======== SOURCE DATA

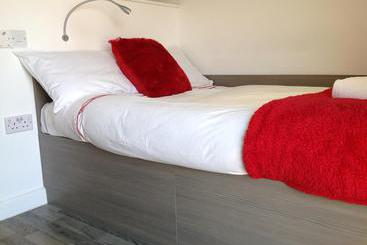 Peace Apartments  Hatbox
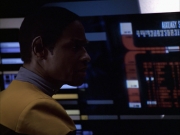 extant_StarTrek_VOY_6x07-DragonsTeeth_00453.jpg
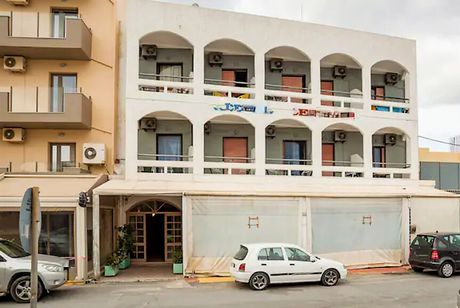 Hotel 900 sqm for sale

================

- _WHAT YOU SHOULD DO_:
Copy exactly the lines that run from the line containing "extant_StarTrek_VOY_6x07-DragonsTeeth_00453.jpg" to the end of the data above, keeping both end lines and leaving out all pictures.

- _EXERCISE OUTPUT_:
 extant_StarTrek_VOY_6x07-DragonsTeeth_00453.jpg
 Hotel 900 sqm for sale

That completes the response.